Enabling faster underwriting decisions and AI-assisted analytics at scale

With a strong analytics foundation in place, Vivriti is looking to real-time decisioning and AI-driven insights. Databricks supports API-based ingestion of partner data for automated credit checks, fraud detection, and borrower de-duplication within strict latency requirements. 

Vivriti also uses Databricks Genie for semantic search and conversational analytics, replacing an in-house text-to-SQL solution built on large language models. By adopting a native capability, the team reduced infrastructure complexity and avoided additional spend. “I don’t need to re-build capabilities,” Narayanan said. “Databricks already solved these problems, so I can focus on business functionality.” 

Operational teams also engage more directly with data. With Databricks SQL–powered reports, non-technical teams can deliver management, bureau, and regulatory reporting faster — helping identify credit trends, operational issues, and portfolio risks earlier in the decision cycle. 
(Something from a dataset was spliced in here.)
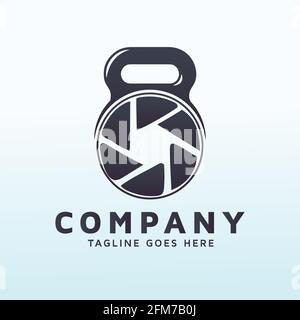 photography logo design with fitness icon Stock Vector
Simultaneously, Vivriti has seen total cost of ownership improvements of ~25-30% between platform and contract consolidation, reduced cloud and DevOps overhead, and improved engineering productivity. 

For Vivriti Capital, migrating to Databricks SQL was not just a data modernization project. It was a strategic investment in credit risk management, regulatory confidence, and operational resilience, ensuring the business can scale lending volumes, meet supervisory requirements, and prepare for AI-driven underwriting without compromising uptime or trust.